NPS (Net Promoter Score) is a customer satisfaction metric based on a single question: How likely would you be to recommend this company to a friend or colleague? Initially popularized in a 2003 Harvard Business Review research article, NPS has become both widely used and controversial since then. A Journal of Marketing 2007 study tried to replicate the 2003 research, but found “no correlation between NPS score and revenue” and stated that, therefore, there was “no correlation between NPS score and capacity for growth.”

The Wall Street Journal reports that Forrester Research principal analyst for customer experience Maxie Schmidt-Subramanian stated that, “If I have to hear one more time that NPS is the worst metric or the best metric ever, I might have to quit my job.” NPS is, in fact, “so ubiquitous” that WSJ reported that, “it is now part of many companies’ security filings.”

In a 2018 article for Applied Stochastic Models in Business and Industry, however, Nicholas Fisher and Raymond Kordupleski wrote that NPS “is unsatisfactory for business decision-making because it does not tell you why they are loyal or disloyal.”

Instead of dropping NPS as a metric, many companies “are trying to use NPS as part of broader programs to understand customers and manage their experiences.” At Thimble, which offers on-demand insurance for freelancers and small gig-economy businesses, senior vice president of marketing Rikin Diwan noted that, “the survey is set up so that customers who make recurring purchases throughout the year don’t get re-asked after the first purchase.” Its NPS score is 80 percent, Diwan revealed.
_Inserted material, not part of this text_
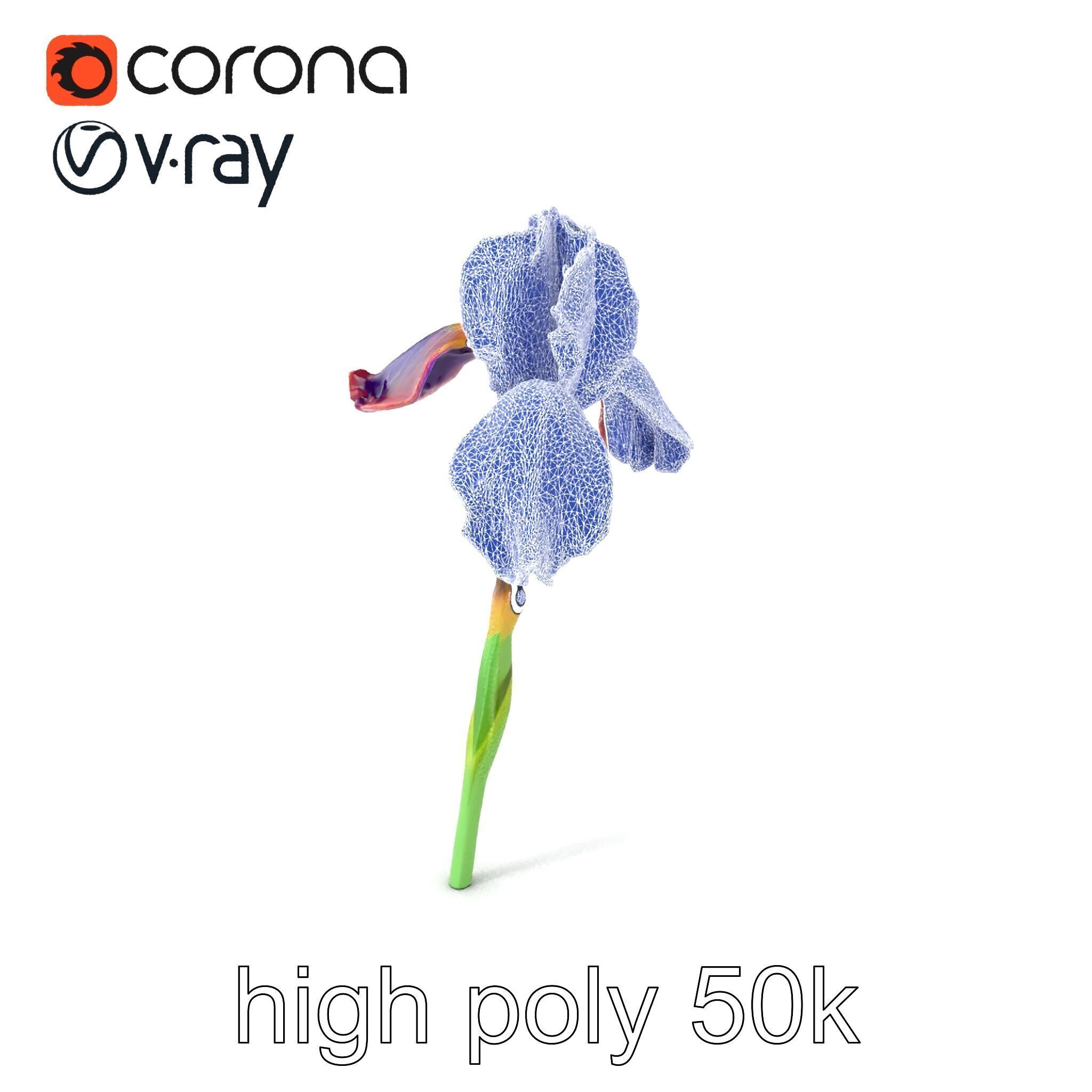 Dwarf Iris Bloom Miniature Elegance model pack Low-poly 3D model_1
Thimble also discovered, via unhappy NPS respondents, that the company needed to create a product it hitherto hadn’t offered. Thimble also “undertook a more complex survey for the first time, sending more detailed questions to a range of customers.”

Thimble’s 80 percent NPS score is not common, with Retently and ClearlyRated both reporting that the insurance industry “at large usually fares significantly worse,” averaging an NPS of 28 percent and 46 percent, respectively. Veeam Software, which offers cloud data backup and recovery services, “leans heavily on customer feedback channels that provide insights but don’t necessarily lend themselves to numerical analysis,” such as focus groups and calling new customers.
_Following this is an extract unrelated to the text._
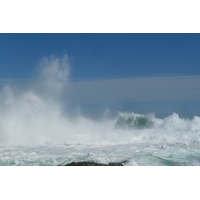 照片 南非(South Africa) 齐齐卡马国家公园(Tsitsikamma National Park) 2008-09 289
“The feedback goes directly into the product management team,” explained chief marketing officer Jim Kruger. NPS, however, gives Kruger’s team “a way of quantifying the impact of all that qualitative feedback,” and the company asks customers in its annual NPS survey not just “how likely they are to recommend its product but also the chance they will renew and their satisfaction with the overall product, specific features, sales, customer support and more.”